The assembly were evidently annoyed at this petition, and in June, 1751, a committee reported that the assertion that the outstanding circulation was £525,335 was not at that time true. They did not, however, state what the circulation at that date, in their opinion, really was. Nor did they state what it was in June, 1751. The petition of the Newport citizens had been forwarded for the purpose of preventing, if possible, a threatened emission. In the interval this emission had been made and the currency had been swelled by its amount. It would hardly have strengthened the position of the committee after this attack upon the truthfulness of the petitioners to have shown a circulation largely in excess of the assertions which were impugned.

The Spanish milled dollar was declared, in 1752, to be equal to 56s. old tenor.

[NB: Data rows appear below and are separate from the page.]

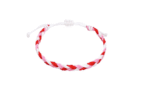 Braided Friendship Bracelet -Red
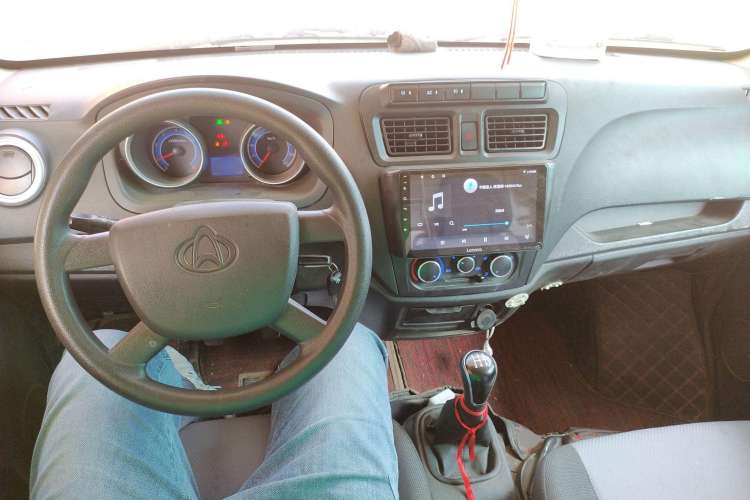 Used CHANGAN KAICHENG Ruixing M80 2021 1.6L Comfort Version 2-Seater Single-Steaming Air-Conditioned China VI Standard Flat Roof with Lift-Up Rear Door DAM16KR Interior 2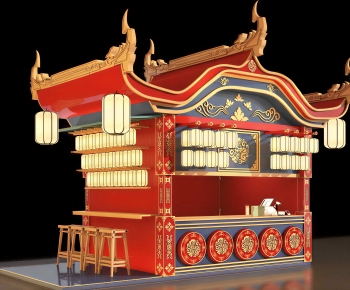 New Chinese Style Sales Vehicle-ID:227714064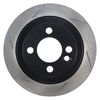 Picture of Sport Slotted 1-Piece Rear Passenger Side Brake Rotor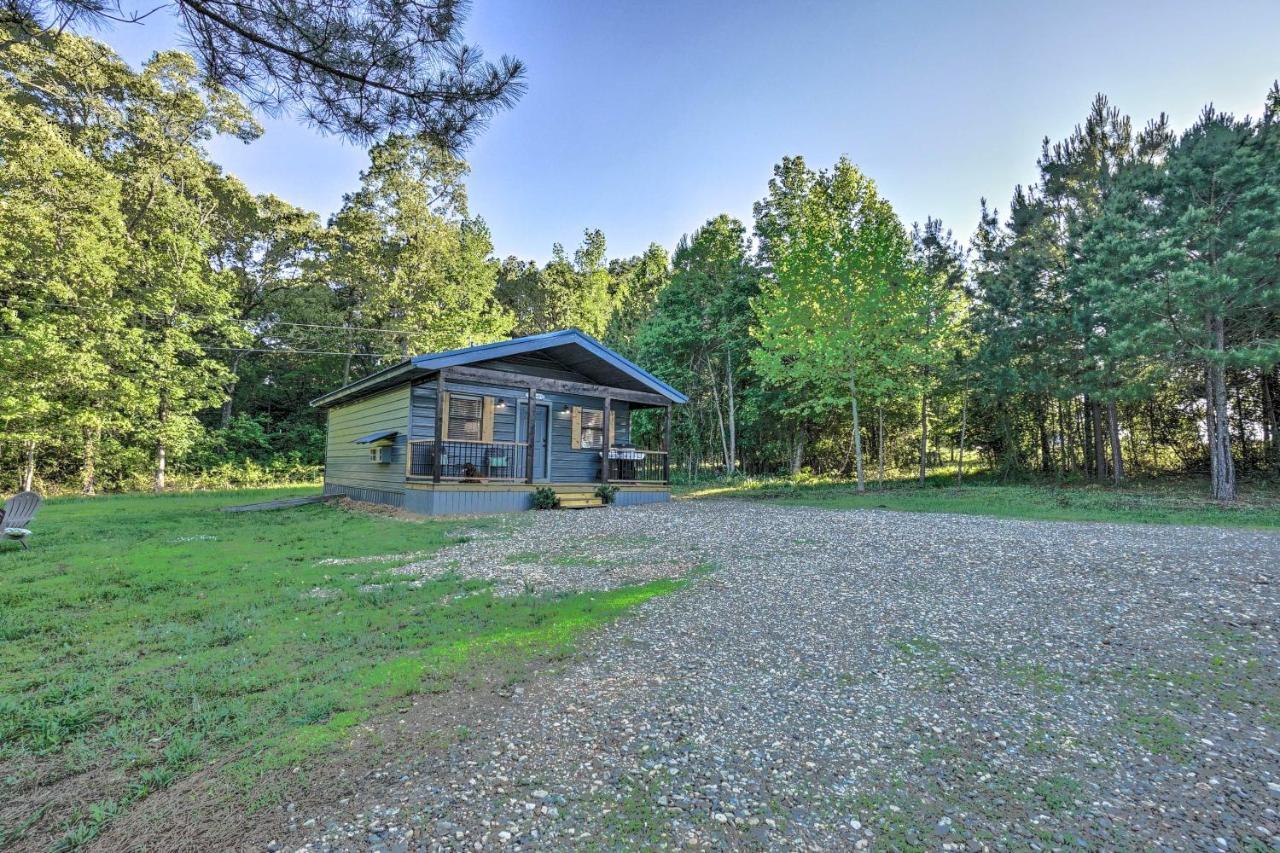 Serene Broken Bow Cabin With Fire Pit And Gas Grill! المظهر الخارجي الصورة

At 6s., the rate of proclamation money, this was on the basis of 9⅓ old tenor for one of lawful money, or taking the sterling value of the dollar at 4s. 6d., exchange was 1244.2 Thus we see that Rhode Island was still pressing forward in her wild career of inflation when the limitation of our investigation compels us to drop the subject.

1 The petition of the Newport citizens was modified so that it could be used by “the merchants of London trading to the colony of Rhode Island,” and presented to the House of Commons, February 26, 1750-51. Journals of the House of Commons, vol. 26, p. 64. Douglass used the report in the same way that the petitioners did, giving the circulation £525,335. A summary, historical and political, etc., etc., by William Douglass, M.D., vol. 2, p. 107.

2 Acts and Laws of his Majesty’s Colony of Rhode Island, 1745-52, p. 105.